Goal of the exercise:
Beginning at the first line of the data, print each line exactly, stopping after the line that contains "Kinder aus Unna".

━━ Material to process ━━

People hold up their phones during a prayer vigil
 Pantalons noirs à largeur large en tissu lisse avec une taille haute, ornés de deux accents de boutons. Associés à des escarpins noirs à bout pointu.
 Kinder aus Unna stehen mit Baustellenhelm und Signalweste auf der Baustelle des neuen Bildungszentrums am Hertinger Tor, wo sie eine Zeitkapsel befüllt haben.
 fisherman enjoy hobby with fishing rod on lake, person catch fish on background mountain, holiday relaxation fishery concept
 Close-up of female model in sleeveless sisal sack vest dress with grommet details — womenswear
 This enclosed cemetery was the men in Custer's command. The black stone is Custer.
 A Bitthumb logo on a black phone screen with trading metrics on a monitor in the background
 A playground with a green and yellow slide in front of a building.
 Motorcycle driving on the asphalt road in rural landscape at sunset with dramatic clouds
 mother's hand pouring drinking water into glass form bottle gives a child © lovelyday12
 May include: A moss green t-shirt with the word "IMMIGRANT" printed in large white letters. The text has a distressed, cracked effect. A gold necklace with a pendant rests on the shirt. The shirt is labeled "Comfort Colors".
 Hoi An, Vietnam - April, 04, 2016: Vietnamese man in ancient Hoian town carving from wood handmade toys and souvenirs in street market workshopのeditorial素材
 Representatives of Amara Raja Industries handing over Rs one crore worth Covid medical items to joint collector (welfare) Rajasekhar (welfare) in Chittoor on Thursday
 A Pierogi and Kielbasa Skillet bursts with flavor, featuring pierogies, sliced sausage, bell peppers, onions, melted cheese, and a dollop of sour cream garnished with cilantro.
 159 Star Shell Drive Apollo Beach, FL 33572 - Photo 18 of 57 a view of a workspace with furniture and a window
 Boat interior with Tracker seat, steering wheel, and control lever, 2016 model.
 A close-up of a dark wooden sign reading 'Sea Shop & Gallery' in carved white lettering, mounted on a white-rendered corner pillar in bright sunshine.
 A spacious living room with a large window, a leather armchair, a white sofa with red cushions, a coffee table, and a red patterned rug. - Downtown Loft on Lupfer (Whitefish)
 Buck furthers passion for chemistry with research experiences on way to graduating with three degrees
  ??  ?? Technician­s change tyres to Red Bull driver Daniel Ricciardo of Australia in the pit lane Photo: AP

━━━

Your solution:
People hold up their phones during a prayer vigil
 Pantalons noirs à largeur large en tissu lisse avec une taille haute, ornés de deux accents de boutons. Associés à des escarpins noirs à bout pointu.
 Kinder aus Unna stehen mit Baustellenhelm und Signalweste auf der Baustelle des neuen Bildungszentrums am Hertinger Tor, wo sie eine Zeitkapsel befüllt haben.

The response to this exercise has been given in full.